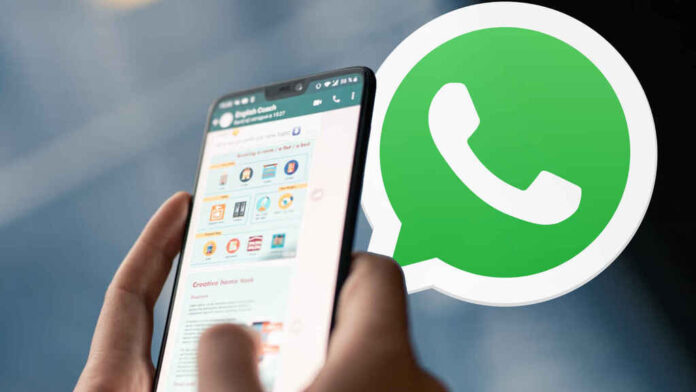 WhatsApp creó este chat para capacitar a los usuarios en marketing digital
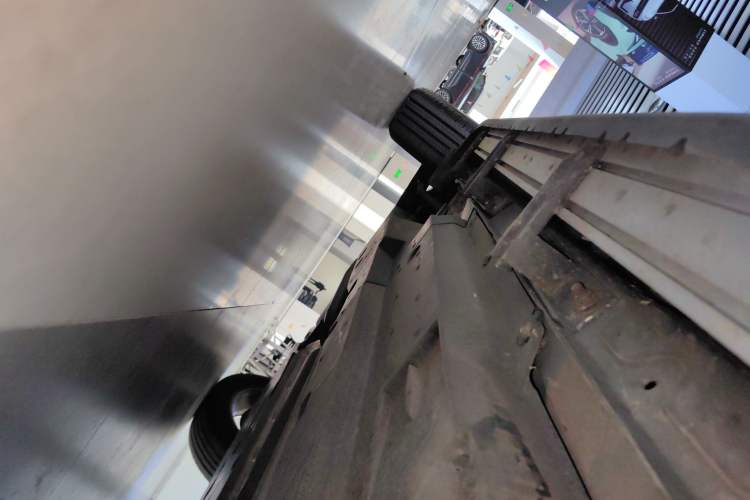 Used Toyota RAV4 2021 2.0L CVT Two-Wheel Drive Fashion PLUS Edition
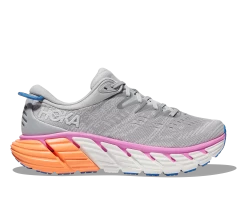 Hoka Women's Gaviota 4 (HMNC - Harbor Mist/Nimbus Cloud)
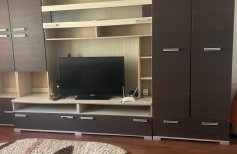 Garsoniera in bloc cu apartamente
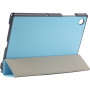 Чехол Slimline Portfolio для Samsung Galaxy Tab A8 10.5 SM-X200, SM-X205 Blue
* * * * *
▶ **Your instructions**
The full listing must come back exactly as written, with its pictures left out.

▶ **Result below**
 WhatsApp creó este chat para capacitar a los usuarios en marketing digital
 Used Toyota RAV4 2021 2.0L CVT Two-Wheel Drive Fashion PLUS Edition
 Hoka Women's Gaviota 4 (HMNC - Harbor Mist/Nimbus Cloud)
 Garsoniera in bloc cu apartamente
 Чехол Slimline Portfolio для Samsung Galaxy Tab A8 10.5 SM-X200, SM-X205 Blue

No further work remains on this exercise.